Caption-style text data
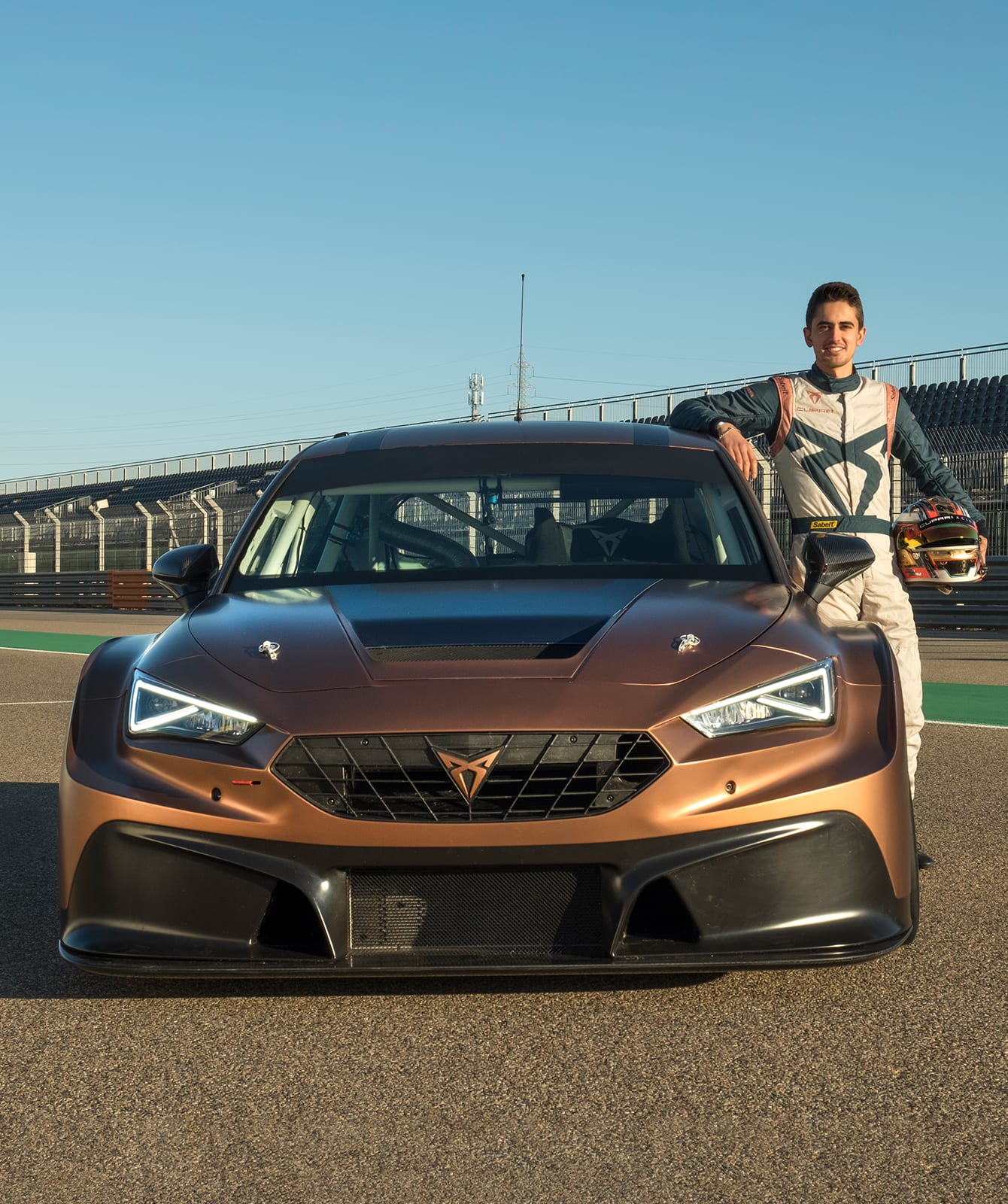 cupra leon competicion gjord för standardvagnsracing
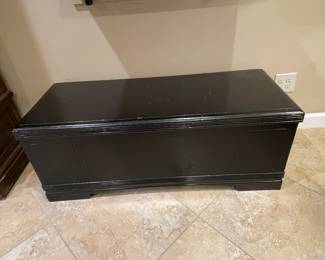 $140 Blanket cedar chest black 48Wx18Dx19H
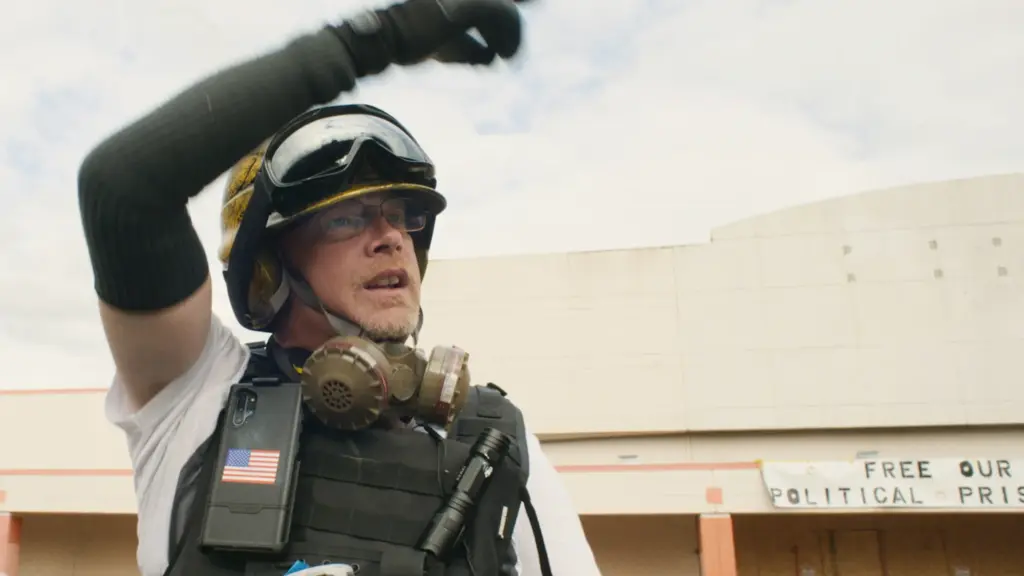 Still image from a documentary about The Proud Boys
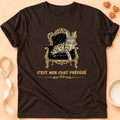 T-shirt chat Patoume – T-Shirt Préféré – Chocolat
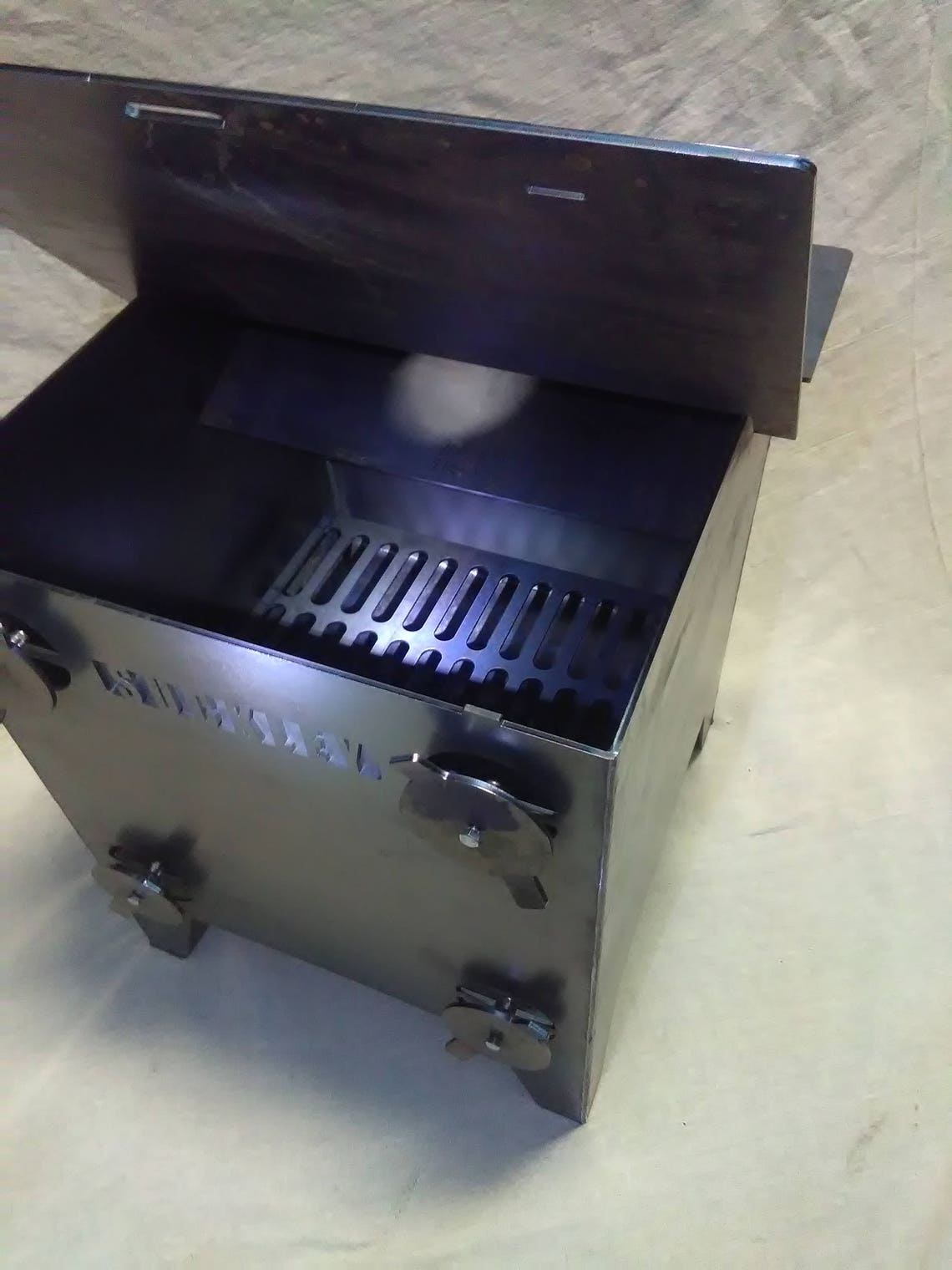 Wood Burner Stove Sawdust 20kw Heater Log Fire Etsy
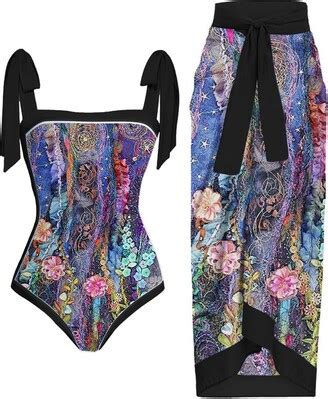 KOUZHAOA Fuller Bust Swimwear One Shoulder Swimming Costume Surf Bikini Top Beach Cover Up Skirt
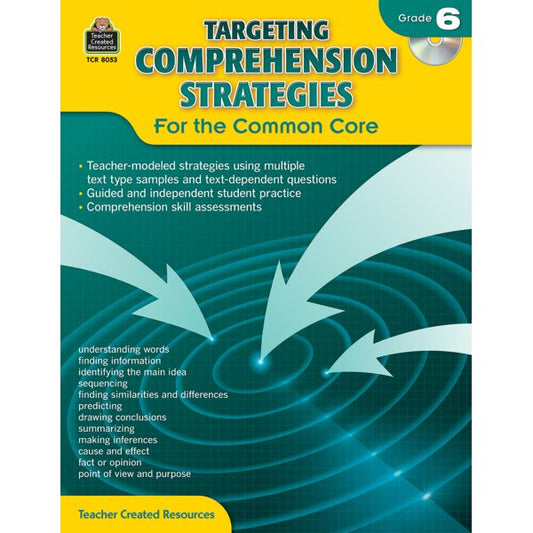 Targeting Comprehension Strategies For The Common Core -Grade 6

▶ _WHAT IS EXPECTED_
Only the lines from the line holding "chest black 48Wx18Dx19H" through the last line above belong in the answer, repeated exactly; the pictures do not.

▶ _RESULT OF THIS TASK_
 $140 Blanket cedar chest black 48Wx18Dx19H
 Still image from a documentary about The Proud Boys
 T-shirt chat Patoume – T-Shirt Préféré – Chocolat
 Wood Burner Stove Sawdust 20kw Heater Log Fire Etsy
 KOUZHAOA Fuller Bust Swimwear One Shoulder Swimming Costume Surf Bikini Top Beach Cover Up Skirt
 Targeting Comprehension Strategies For The Common Core -Grade 6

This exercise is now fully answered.